Module isin::checksum[][src]

isin::checksum

Functions to implement the ISIN checksum formula, known as “modulus 10 ‘double-add-double’ check digit”. The basic idea is to:

  1. assign a numeric value to each character
  2. split that value into digits
  3. iterate over the digits in reverse order
  4. double every other digit starting with the right-most one
  5. split that result into digits
  6. sum over all the digits
  7. calculate the sum mod 10
  8. compute 10 minus that value
  9. if the value is 10, return 0 else return the value itself

There is an implementation in a functional style, checksum_functional() that is used internally for tests and as a comparison for performance benchmarks. It is more expensive than the table-driven style because it does digit expansion on the fly. But, it is easier to understand. The implementation maps directly to the description above.
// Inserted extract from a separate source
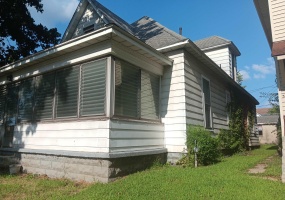 310 S 17th Street, Terre Haute, Indiana 47807,MLS,202533298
There is also an implementation in a table-driven style, checksum_table() which is the one actually used when parsing and validating ISINs. The tables are pre-calculated for the net effect each character has on the checksum accumulator at that point and how it effects whether the next character is in a doubling position or not.

Benchmarking shows the table-driven implementation to be around 100 times faster than the functional style (on the test system, average run time decreases from around 2,015 ns with the functional style to around 19 ns with the table-driven style). Input-dependent variability in run time decreases also from about +/- 14% for the functional-style to about +/- 3% for the table-driven style.

Functions

checksum_functional

A direct translation of the formula definition, in the functional style.

checksum_table

Compute the checksum for a u8 array. No attempt is made to ensure the input string is in the ISIN payload format or length.